> Problem
Filter the records below, keeping only lines with the string "Wide".

Extracted records:

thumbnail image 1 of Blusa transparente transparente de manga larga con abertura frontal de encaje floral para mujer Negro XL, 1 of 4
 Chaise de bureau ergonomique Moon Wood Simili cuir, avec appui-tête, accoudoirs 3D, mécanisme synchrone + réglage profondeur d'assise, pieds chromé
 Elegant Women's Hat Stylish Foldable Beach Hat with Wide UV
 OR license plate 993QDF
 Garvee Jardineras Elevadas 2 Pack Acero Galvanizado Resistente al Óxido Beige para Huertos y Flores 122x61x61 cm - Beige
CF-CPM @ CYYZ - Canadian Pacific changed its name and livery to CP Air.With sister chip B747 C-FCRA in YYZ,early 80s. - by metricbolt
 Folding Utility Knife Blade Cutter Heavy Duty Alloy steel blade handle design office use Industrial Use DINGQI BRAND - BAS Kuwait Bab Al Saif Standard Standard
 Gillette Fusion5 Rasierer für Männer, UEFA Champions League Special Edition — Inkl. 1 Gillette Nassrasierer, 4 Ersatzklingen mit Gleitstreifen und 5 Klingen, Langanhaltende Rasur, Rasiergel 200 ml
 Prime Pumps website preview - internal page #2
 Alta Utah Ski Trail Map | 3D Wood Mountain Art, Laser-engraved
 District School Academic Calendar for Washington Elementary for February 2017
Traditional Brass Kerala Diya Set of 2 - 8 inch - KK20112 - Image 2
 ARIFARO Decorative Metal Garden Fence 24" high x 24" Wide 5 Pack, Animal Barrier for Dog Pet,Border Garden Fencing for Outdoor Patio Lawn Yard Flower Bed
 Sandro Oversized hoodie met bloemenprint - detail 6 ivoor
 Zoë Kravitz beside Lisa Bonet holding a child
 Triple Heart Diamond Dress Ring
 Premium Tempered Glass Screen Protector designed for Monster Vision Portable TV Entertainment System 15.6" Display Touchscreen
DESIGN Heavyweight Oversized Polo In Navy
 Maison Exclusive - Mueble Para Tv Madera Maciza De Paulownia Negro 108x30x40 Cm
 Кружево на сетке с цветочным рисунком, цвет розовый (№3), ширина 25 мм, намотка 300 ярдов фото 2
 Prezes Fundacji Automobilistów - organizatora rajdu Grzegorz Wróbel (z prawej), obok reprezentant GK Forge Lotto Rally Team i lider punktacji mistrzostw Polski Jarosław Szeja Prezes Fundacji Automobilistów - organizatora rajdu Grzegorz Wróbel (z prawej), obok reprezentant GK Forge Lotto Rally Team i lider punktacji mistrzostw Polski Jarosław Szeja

> Result of this task
 Elegant Women's Hat Stylish Foldable Beach Hat with Wide UV
 ARIFARO Decorative Metal Garden Fence 24" high x 24" Wide 5 Pack, Animal Barrier for Dog Pet,Border Garden Fencing for Outdoor Patio Lawn Yard Flower Bed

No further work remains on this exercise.